You will probably have heard of the beautiful book, The Lost Words – you may even have a copy yourself. It began as a response to the decision, in 2007, by the Oxford Junior Dictionary to replace words from nature with modern ‘everyday’ words. As an article by Andrew Brown pointed out: ‘Ivy, lavender, leek, and liquorice in all their quintessential particularities are replaced with EU, committee, common sense and biodegradable.” There was an outcry, including a letter written by many artists, writers and thinkers, who said: “There is a shocking, proven connection between the decline in natural play and the decline in children’s wellbeing.”
So I can’t tell you how proud I am that four talented writers from my Tuesday morning group – Jackie Heath, Sue Hatt, Rennie Halstead and Julia Wheeler – have got together to start a kickstarting campaign to buy a copy of the book to give to every primary school in Kent. This is what they say:
Lost Words Kent is a county-wide crowdfunding campaign to raise money to donate a copy of ‘The Lost Words’ to every primary and special school in Kent and so reseed the magic of nature in the imaginations of children in our classrooms.
The campaign runs Monday 15th October to Thursday 15th November 2018.
Alongside the book, we will provide materials to support its creative and inspirational use by teachers and students beyond the classroom so that ‘The Lost Words’ can become a catalyst for hands-on reconnection with the natural world.
Francis and I have donated to buy a book for each of the special schools, and it would be AMAZING if you were able to join in and buy at least one book – or part of one – for primary schools so that this possible future taken from the introduction to ‘The Lost Words’ by Robert MacFarlane and Jackie Morris doesn’t become our reality….
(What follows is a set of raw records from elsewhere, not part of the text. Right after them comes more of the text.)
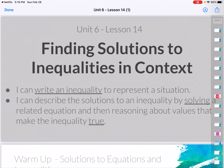Hi guys, I sure wish I was there with you, but I can't be, so we're going to do a screencast lesson instead of a regular lesson, and that's going to be alright. So it says Unit 6, Lesson 14: Finding Solutions to Inequalities in Context. Our goal today is in context — it's almost like a yucky ELA lesson, trying to find out the meaning of what they're asking for. I can write an inequality to represent a situation — we did that last year and we're going to keep doing it this year — and I can describe the solution to an inequality by solving a related equation and then reasoning about the values that make that inequality true. That's the part I think a lot of you had trouble with on Friday's Cooldown, so we're going to walk through what that looks like.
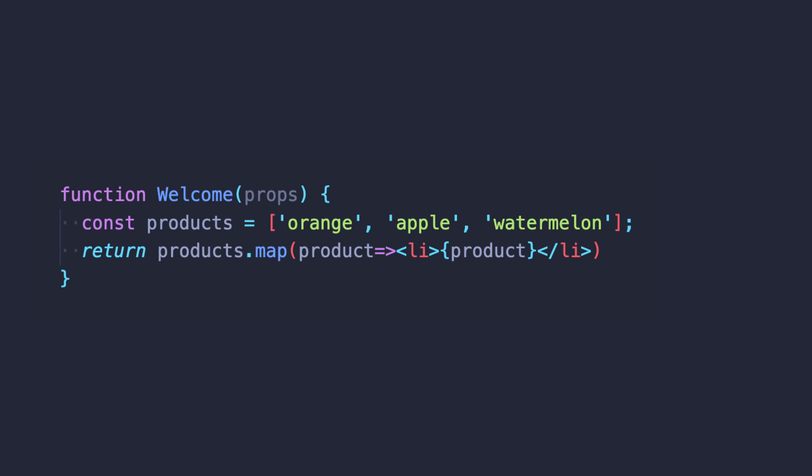Map has one more exciting feature when we compare it to forEach - the map method returns an array when forEach returns an undefined value. So in some cases it's very useful.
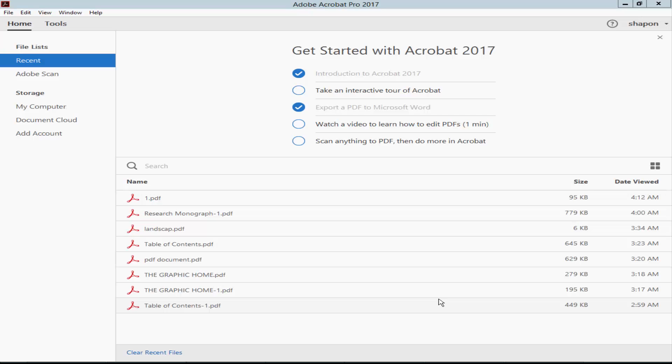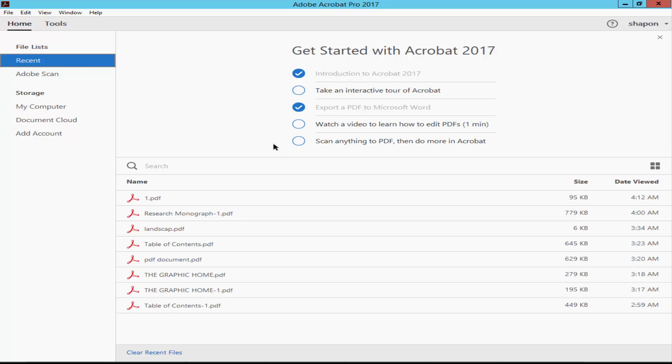Assalamu alaikum. In this video I will show you how to print a large PDF on multiple pages using Adobe Acrobat Pro. Let's get started. Open a large PDF file.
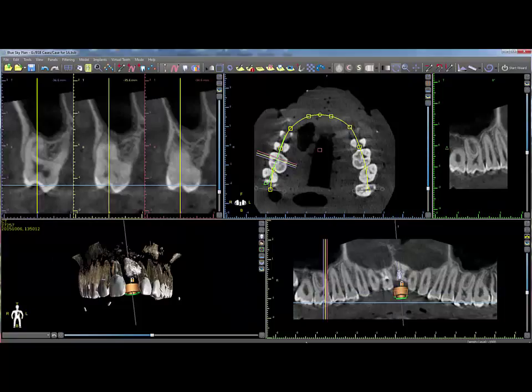Scan appliances can be imported into the patient's scan in order to assist with exact STL model scan alignments or for surgical guide fabrication for mostly or fully edentulous cases.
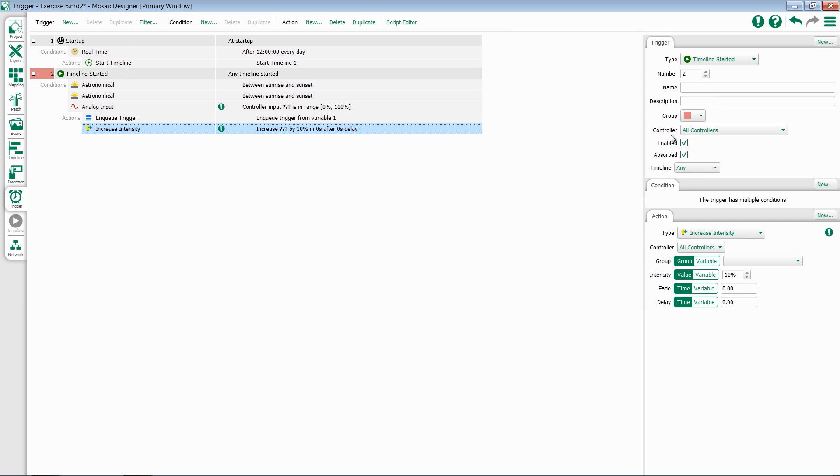Every trigger will also have a controller, which controller or all controllers that trigger is applied to, and the ability to enable and disable the trigger.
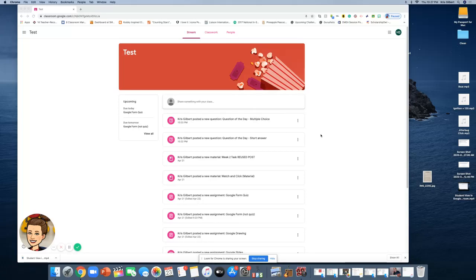Hi everyone, this is a video to show you how to access your work as a student in Google Classroom. Some things in here are not really obvious, and I just want to take a moment to point out how you're going to access different types of assignments and how to turn in different types of assignments.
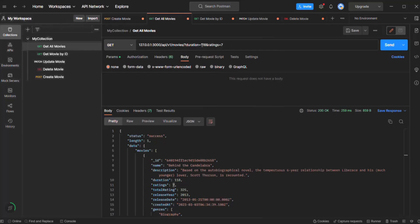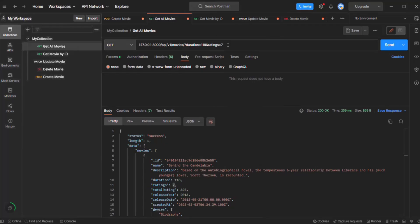But let's say our requirement has changed. Now what we want is, when we specify the duration as 118 and ratings as 7, we want to filter all those movies where the duration is either 118 minutes or greater than 118 minutes, and ratings is either 7 or greater than 7. And if I specify another filter field — for example price equals 100 — then we also want to filter only those movies where the price is less than or equal to 100. So how can we achieve this filtering logic?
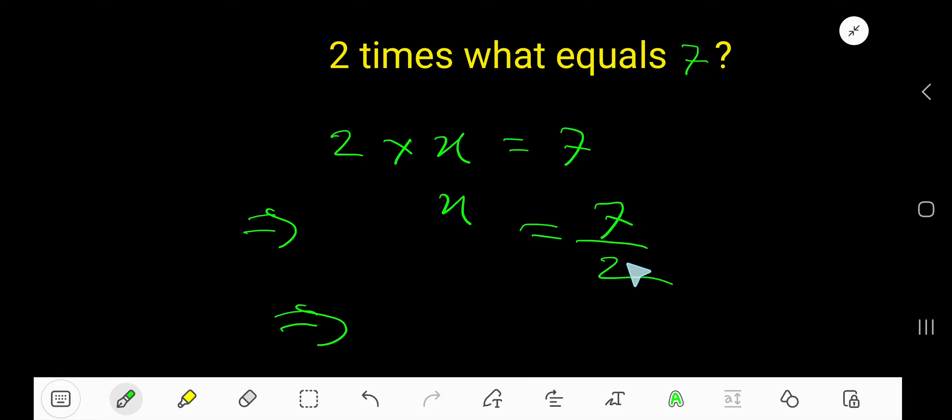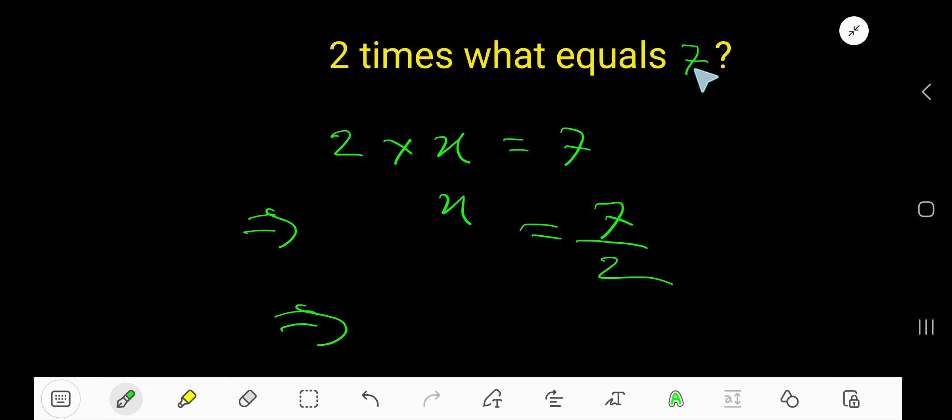That is 7 over 2 is the answer. That is 2 times 7 over 2 equals 7.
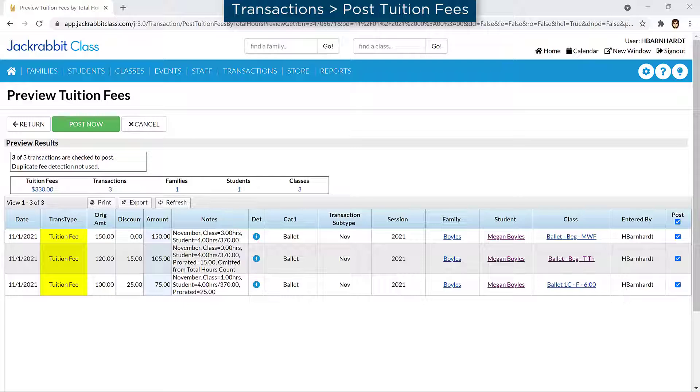In JackRabbit, a tuition fee is posted to a family's account for every class their students are enrolled in, based on the settings for the class and your tuition settings.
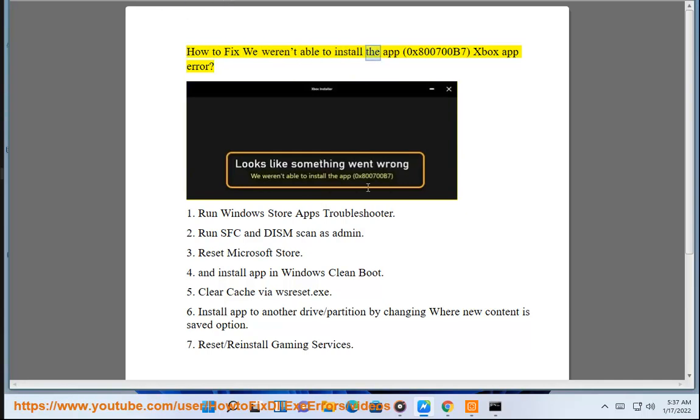How to fix 'We weren't able to install the app' 0x800700v7 Xbox app error.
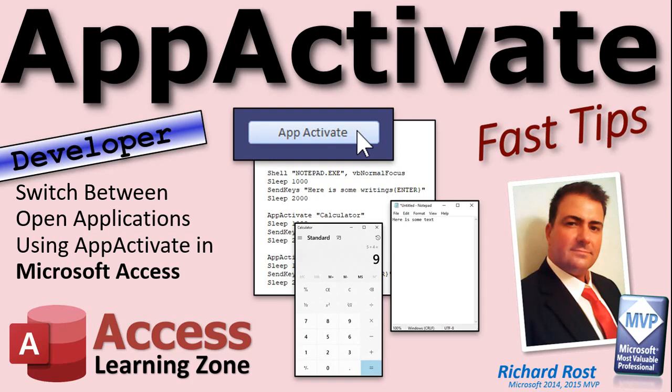Welcome to another Fast Tips video brought to you by AccessLearningZone.com. I am your instructor, Richard Rost. In today's video, I'm going to show you how to switch between open applications using the App Activate command in Microsoft Access.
‘Once upon a time, words began to vanish from the language of children. They disappeared so quietly that at first almost no one noticed – fading away like water on stone. The words were those that used to name the natural world around them: acorn, adder, bluebell, bramble, conker – gone! Fern, heather, kingfisher, otter, raven, willow, wren… all of them gone! The words were becoming lost: no longer vivid in children’s voices, no longer alive in their stories.’